Mas há mais a ter em conta aqui. Os corpos também têm importância comunitária. Isto tem menos a ver com milagres e mais a ver com a manutenção de identidade e relações. Quando os fiéis recuperaram os ossos de Policarpo, “mais preciosos que joias”, e os depositaram num local condigno, foi já com a ideia de se juntarem anualmente para celebrar o seu martírio e se prepararem para enfrentar a mesma prova. Policarpo mantinha-se assim vivo e capaz, mesmo na morte.

Não restou grande coisa de Inácio de Antioquia depois de ter sido despedaçado por feras, mas a Igreja juntou o que pôde e alegrou-se por poder levar de volta a Antioquia um verdadeiro tesouro, recebido pela graça de Deus. Voltou para o seio do seu povo, um membro ainda vivo da sua comunidade.

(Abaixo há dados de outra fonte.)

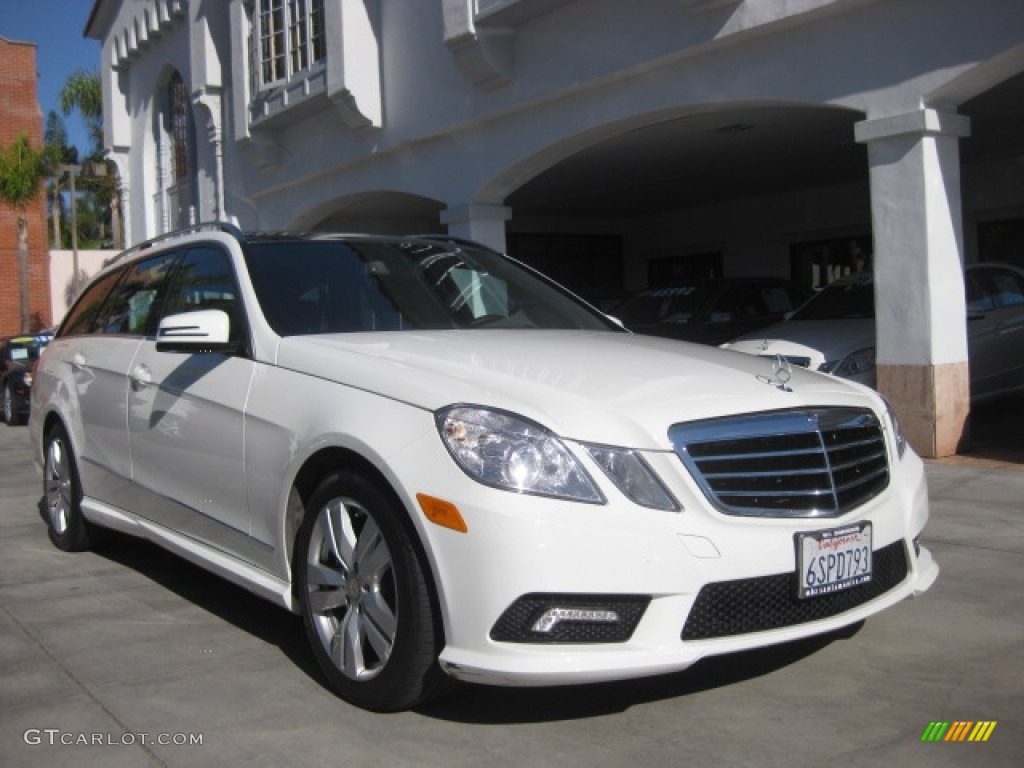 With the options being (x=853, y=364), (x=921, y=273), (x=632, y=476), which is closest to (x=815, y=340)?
(x=853, y=364)

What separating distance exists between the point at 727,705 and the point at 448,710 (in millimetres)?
922

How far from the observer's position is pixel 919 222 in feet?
27.7

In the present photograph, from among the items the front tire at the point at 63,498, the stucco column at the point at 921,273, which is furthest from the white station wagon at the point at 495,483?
the stucco column at the point at 921,273

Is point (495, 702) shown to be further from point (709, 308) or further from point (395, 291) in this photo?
point (709, 308)

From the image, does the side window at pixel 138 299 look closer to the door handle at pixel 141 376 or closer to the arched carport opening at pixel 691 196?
the door handle at pixel 141 376

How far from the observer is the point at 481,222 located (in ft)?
42.6

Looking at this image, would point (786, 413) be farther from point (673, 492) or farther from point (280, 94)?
point (280, 94)

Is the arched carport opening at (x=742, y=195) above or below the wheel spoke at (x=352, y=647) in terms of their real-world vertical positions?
above

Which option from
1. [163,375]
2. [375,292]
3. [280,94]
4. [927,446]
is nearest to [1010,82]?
[927,446]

A Escritura mostra-nos ainda que José, antes de morrer, obrigou os filhos de Israel a jurar que quando saíssem do Egipto levariam com eles os seus ossos (Gen. 50,25). Assim fizeram, sepultando-os junto aos seus antepassados, sim, mas no meio deles.

São Jacques Marquette
O corpo é, de facto, importante, e o que fazemos com ele – na vida ou na morte – interessa. Apesar de se dizer que certas religiões são “Povos do Livro”, isto não é verdade. Não fomos fundados sob um livro; temos um livro. Na verdade somos fundados sobre um Corpo. Somos membros dele. Salvos por Ele. Vivemos nele. Não deve admirar, portanto, que a Igreja preserve os restos dos seus santos e construa Igrejas sobre os seus ossos, pois eles permanecem membros vivos do Corpo de Cristo.

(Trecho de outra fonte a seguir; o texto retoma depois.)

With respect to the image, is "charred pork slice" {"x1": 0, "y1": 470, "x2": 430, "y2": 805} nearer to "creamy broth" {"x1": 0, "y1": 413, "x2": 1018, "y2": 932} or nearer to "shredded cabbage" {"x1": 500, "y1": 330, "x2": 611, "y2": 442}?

Mas esta crença pode-se perder e, com ela, a identidade e a comunhão que formamos como Corpo. As pessoas raramente fazem peregrinações. As paróquias não sabem que relíquias possuem, se é que as possuem. Até a crença na Presença Real na Eucaristia está em declínio. Estas coisas estão ligadas. Os corpos deixaram de interessar.

Dou-vos um exemplo recente: O meu pai tinha uma forte devoção ao Père Jacques Marquette, o grande missionário francês do Século XVII. Era uma coisa dele, e antes de morrer queria ter visitado a sua campa, no Michigan, mas adoeceu e isso tornou-se impossível.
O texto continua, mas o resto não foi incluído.